When the line containing "2019 Hyundai Sonata - Image 5" appears in the entries below, begin printing there and stop after the line containing "uomo e donna"; print each of those lines exactly and no other line.

*** Material for this exercise ***

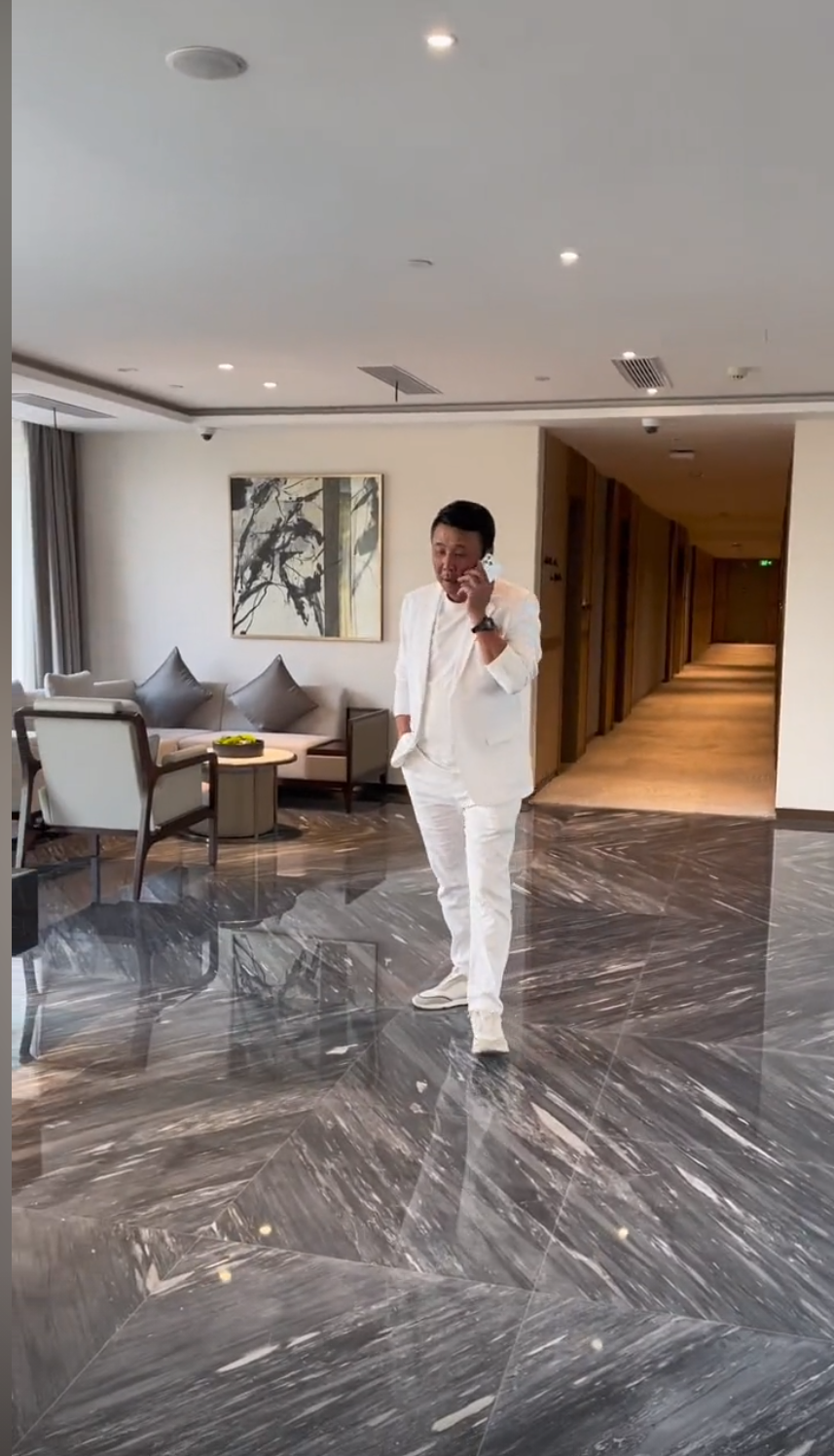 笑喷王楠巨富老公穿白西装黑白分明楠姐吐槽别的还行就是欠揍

*** End of Material for this exercise ***
*** Material for this exercise ***

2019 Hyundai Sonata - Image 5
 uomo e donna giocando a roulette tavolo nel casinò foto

*** End of Material for this exercise ***

## Output for this exercise
2019 Hyundai Sonata - Image 5
 uomo e donna giocando a roulette tavolo nel casinò foto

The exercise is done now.